I decided the charade was over.  I called up a close friend of mine and I told her I was gay.  It was really hard, but she was super accepting. What did I have to lose anymore? For the first time, I was forced to deal with the demons I have been hiding my whole life.  Over the next few days I told more and more people.  It got easier every time.  Unfortunately, I lost a lot of my good friends because of it.

  No one would strictly tell me: "We can't be friends because you're gay" but I just knew things were changing and that they were trying to get away from me.  But as the famous line from Katy Perry's song "Firework" says: "After a hurricane, comes a rainbow."  I finally got the courage to tell my family. I'd have to say telling them was the hardest part, even though they all still treat me the same afterwards.  I've also gotten close with two of the most amazing people I've ever met and I'm proud to call them my best friends.

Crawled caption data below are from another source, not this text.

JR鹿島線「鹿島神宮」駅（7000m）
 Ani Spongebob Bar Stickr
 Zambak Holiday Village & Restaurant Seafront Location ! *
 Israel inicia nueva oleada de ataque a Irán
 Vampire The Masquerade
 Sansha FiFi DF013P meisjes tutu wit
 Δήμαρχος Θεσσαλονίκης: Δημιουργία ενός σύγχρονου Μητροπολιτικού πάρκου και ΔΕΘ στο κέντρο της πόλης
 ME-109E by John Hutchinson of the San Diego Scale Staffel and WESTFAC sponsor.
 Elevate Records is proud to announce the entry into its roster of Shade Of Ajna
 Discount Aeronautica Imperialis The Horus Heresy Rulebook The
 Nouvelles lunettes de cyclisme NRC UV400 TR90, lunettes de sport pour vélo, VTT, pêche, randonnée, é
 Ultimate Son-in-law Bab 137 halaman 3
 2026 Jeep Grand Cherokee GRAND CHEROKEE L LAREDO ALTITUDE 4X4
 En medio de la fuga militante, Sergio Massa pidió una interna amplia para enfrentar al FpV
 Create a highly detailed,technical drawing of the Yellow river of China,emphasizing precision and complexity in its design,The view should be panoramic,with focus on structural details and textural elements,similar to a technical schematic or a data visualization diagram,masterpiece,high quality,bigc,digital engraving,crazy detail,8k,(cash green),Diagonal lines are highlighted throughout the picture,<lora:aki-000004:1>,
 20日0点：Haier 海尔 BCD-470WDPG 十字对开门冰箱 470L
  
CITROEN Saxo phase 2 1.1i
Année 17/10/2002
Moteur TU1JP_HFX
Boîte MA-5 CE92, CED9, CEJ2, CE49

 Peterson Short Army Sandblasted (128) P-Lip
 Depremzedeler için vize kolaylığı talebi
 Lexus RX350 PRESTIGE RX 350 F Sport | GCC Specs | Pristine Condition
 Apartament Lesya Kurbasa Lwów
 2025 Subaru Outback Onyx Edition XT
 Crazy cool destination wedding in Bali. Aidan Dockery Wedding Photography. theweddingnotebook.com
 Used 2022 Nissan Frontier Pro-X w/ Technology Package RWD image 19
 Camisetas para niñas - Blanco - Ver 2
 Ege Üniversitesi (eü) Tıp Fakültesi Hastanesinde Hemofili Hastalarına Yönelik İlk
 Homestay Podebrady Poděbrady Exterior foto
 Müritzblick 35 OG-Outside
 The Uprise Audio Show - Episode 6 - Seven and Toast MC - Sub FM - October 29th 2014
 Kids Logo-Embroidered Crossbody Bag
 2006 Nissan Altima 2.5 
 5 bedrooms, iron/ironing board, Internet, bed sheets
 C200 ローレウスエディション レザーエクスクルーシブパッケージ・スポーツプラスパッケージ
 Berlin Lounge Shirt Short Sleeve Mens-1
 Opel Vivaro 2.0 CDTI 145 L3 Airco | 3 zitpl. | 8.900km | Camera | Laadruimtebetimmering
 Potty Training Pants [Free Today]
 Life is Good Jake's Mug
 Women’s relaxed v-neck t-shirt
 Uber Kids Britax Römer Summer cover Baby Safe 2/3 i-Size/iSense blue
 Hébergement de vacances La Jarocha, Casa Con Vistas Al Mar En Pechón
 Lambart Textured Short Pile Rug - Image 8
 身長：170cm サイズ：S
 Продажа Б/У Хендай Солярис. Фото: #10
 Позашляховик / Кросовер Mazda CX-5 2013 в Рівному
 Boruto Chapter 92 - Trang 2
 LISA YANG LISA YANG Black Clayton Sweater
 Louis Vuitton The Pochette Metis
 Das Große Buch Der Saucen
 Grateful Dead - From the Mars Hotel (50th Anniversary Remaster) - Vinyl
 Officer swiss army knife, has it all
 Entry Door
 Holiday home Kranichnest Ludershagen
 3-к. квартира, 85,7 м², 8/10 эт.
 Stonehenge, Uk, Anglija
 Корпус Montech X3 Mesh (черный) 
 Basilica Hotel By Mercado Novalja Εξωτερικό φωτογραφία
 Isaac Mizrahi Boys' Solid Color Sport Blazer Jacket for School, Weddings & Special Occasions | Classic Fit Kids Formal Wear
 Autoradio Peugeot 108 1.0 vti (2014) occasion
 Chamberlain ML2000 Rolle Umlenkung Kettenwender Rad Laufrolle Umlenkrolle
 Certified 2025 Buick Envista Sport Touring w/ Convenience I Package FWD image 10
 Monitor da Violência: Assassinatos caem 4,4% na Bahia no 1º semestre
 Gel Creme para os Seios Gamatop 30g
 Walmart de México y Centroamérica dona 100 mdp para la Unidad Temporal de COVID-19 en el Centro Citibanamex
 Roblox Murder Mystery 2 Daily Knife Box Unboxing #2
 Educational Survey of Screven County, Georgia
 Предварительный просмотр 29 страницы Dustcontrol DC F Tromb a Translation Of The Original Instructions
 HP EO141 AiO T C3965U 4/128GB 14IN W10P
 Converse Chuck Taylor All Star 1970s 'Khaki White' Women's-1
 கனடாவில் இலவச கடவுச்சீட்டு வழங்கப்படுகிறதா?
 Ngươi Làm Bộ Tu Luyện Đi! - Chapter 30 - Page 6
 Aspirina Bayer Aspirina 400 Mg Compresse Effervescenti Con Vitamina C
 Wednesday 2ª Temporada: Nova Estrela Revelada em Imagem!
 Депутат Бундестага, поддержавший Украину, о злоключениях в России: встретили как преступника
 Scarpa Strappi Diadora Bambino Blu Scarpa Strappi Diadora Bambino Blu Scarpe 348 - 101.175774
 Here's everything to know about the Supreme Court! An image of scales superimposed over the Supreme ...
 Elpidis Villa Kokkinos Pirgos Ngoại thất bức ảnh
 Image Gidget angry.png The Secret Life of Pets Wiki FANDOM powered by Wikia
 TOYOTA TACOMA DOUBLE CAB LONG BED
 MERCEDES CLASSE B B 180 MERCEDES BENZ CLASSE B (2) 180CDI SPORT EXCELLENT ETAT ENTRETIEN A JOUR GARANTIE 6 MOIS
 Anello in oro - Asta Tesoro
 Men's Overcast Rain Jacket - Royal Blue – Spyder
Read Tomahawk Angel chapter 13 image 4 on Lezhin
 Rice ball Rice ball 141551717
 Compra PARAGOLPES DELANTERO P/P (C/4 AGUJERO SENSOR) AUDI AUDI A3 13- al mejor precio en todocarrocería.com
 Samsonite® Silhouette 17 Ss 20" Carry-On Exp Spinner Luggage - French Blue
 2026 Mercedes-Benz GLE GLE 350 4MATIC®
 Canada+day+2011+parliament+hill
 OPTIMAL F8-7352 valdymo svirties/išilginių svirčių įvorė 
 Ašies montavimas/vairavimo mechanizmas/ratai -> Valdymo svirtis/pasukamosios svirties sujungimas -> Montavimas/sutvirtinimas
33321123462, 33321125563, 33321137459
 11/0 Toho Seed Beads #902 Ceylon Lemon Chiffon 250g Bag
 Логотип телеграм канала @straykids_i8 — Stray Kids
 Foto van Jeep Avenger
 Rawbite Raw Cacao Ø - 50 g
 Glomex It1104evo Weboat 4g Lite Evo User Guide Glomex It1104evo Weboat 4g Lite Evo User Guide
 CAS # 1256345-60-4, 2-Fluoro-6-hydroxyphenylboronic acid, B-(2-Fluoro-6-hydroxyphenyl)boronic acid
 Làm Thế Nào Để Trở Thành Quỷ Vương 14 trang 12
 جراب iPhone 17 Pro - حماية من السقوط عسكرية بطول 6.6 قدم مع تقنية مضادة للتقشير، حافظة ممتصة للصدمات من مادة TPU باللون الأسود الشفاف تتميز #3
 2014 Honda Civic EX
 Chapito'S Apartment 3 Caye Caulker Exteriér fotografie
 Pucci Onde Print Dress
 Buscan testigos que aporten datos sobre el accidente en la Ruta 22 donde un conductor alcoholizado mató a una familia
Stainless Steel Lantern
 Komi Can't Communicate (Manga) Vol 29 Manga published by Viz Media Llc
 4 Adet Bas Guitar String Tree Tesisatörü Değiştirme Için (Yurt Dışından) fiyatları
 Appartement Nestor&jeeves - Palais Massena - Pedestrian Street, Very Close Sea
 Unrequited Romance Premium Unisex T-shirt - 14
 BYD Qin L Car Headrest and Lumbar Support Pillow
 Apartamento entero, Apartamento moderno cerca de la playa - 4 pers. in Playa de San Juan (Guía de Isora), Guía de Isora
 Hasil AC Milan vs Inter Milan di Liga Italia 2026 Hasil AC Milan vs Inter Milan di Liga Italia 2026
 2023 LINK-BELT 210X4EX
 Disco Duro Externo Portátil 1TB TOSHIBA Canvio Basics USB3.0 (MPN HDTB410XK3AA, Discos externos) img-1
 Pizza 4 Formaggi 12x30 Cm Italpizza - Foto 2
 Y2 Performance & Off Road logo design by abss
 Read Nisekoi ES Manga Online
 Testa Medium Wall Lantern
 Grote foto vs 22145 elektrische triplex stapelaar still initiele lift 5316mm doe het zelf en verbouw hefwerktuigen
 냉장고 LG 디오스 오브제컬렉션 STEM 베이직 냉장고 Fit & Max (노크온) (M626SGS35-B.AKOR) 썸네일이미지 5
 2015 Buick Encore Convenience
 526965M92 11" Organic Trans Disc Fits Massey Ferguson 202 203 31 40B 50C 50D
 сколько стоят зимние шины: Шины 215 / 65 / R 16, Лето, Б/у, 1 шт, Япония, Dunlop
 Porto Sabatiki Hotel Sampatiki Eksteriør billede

After that, I was fearless.  I questioned my job, and unfortunately with all of the stereotypes for gay people I don't think it's the job for me.  I will always be a Tae Kwon Do competitor, but I don't think I can teach it.  I've decided to get back into some of my old hobbies like web design and writing.  It's been really great getting back to my creative side!
  I've always been a good teacher.  I'm just naturally gifted at helping people understand things and I really like to teach.  So I hope to combine my interests.  I want to help everyone find themselves and to love who they are. Anyone who knows me knows I am not money hungry.  I would rather live in a small apartment doing what I love than have a mansion with a job that I hate.  Money can go away in a heart beat, but your ideas, your brain, your heart, and your creativity are apart of you.

  Being yourself is always the answer! After all, if you lose everything because the whole world is crashing down on you, you always have yourself.  So make yourself great!   We were put on this planet to build off each other's ideas and create beautiful things no matter what our race, gender, sexuality, etc.  I think it's about time I give back to the world. I hope this will be a learning experience for me as well to help me become a more positive, healthy, and happy individual.  This will not be a blog where I talk and you read.  I want to build a community around the world and create a safe environment for people going through hard times.  We will be the next stage in human evolution.  We will base all of our principals on love and dedication. If I can just change one person's life with this blog, then I feel I have done my duty.

1 comment:

  1. You have changed mine! You are awesome, Donavan. I support whatever you do.